▸ **WHAT YOU ARE ASKED TO DO**:
Reproduce everything from the line that contains "CATANIAN interprets human" down to the line that contains "Hoher, schmaler Aktenschrank" in the listing below, word for word and nothing more. Leave the pictures out.

▸ **RECORDS TO PROCESS**:

════════

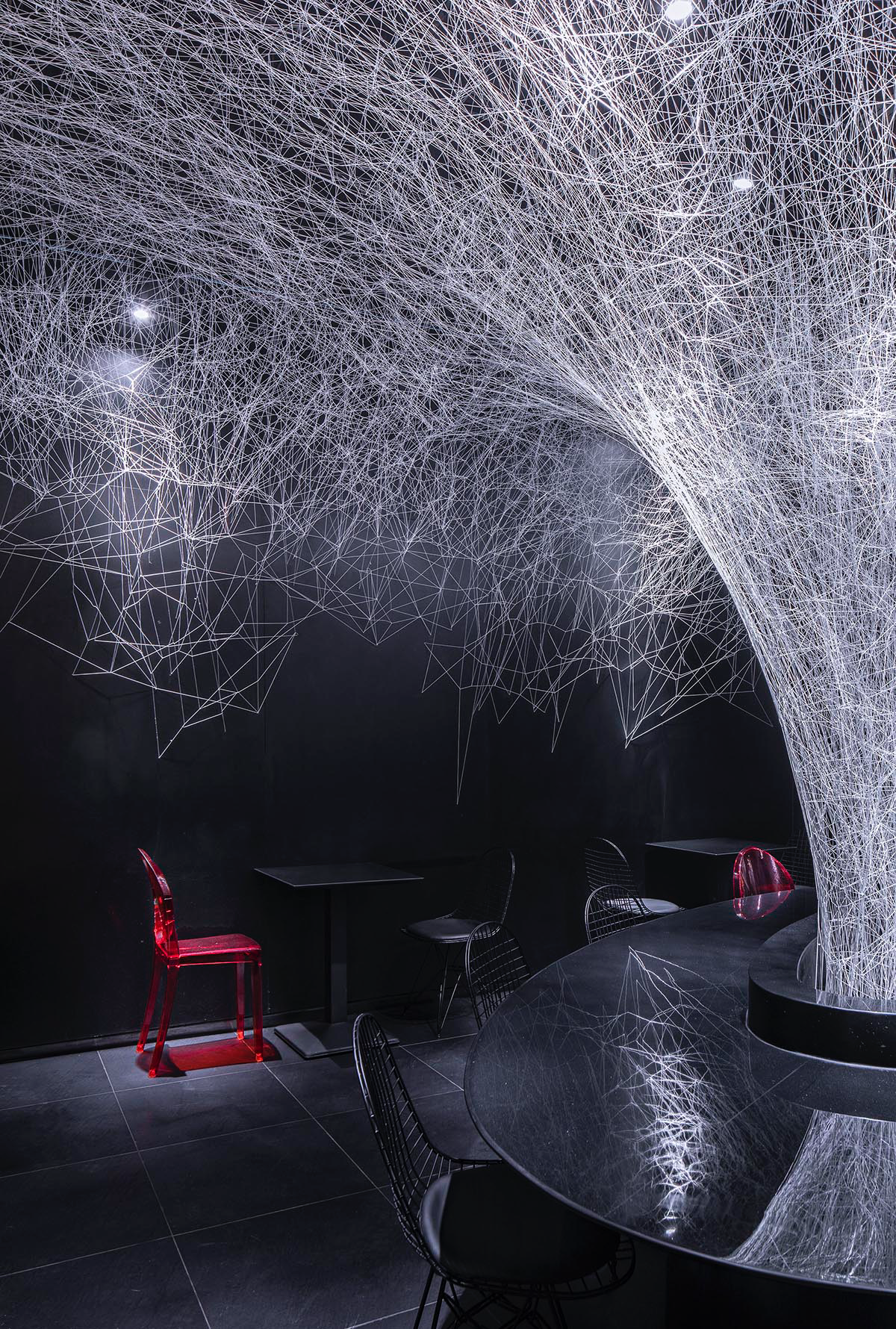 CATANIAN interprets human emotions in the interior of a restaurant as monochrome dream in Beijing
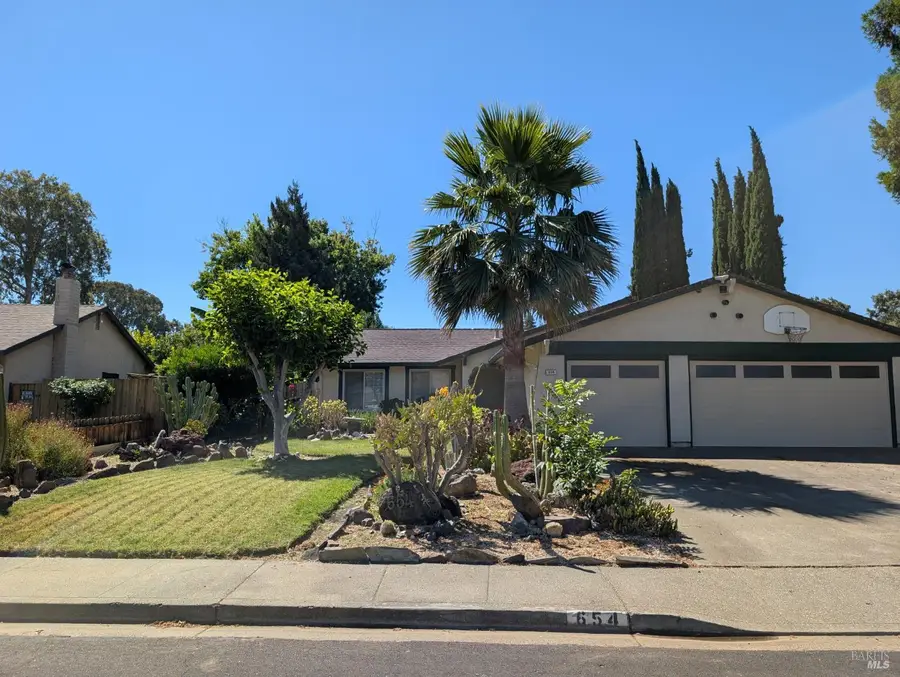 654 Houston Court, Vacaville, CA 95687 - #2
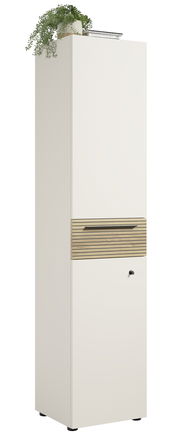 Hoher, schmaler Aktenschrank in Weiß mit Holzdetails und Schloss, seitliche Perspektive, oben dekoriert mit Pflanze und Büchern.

════════

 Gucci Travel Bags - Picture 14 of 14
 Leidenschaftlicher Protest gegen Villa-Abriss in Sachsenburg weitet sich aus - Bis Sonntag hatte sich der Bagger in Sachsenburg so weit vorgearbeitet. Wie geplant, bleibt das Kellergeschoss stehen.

════════

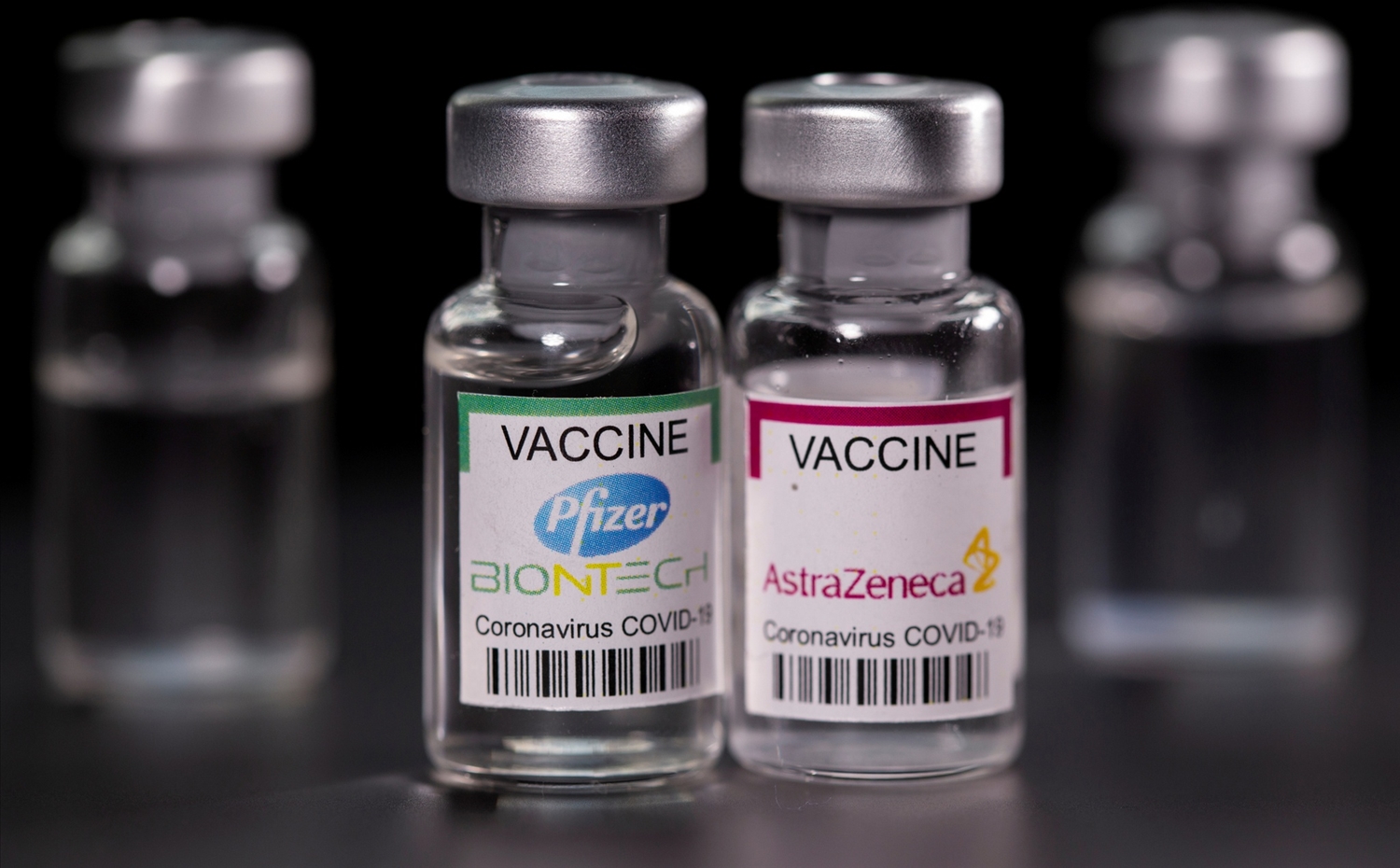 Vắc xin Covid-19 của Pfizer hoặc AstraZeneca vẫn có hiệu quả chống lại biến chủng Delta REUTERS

════════

▸ **SOLUTION BELOW**:
 CATANIAN interprets human emotions in the interior of a restaurant as monochrome dream in Beijing
 654 Houston Court, Vacaville, CA 95687 - #2
 Hoher, schmaler Aktenschrank in Weiß mit Holzdetails und Schloss, seitliche Perspektive, oben dekoriert mit Pflanze und Büchern.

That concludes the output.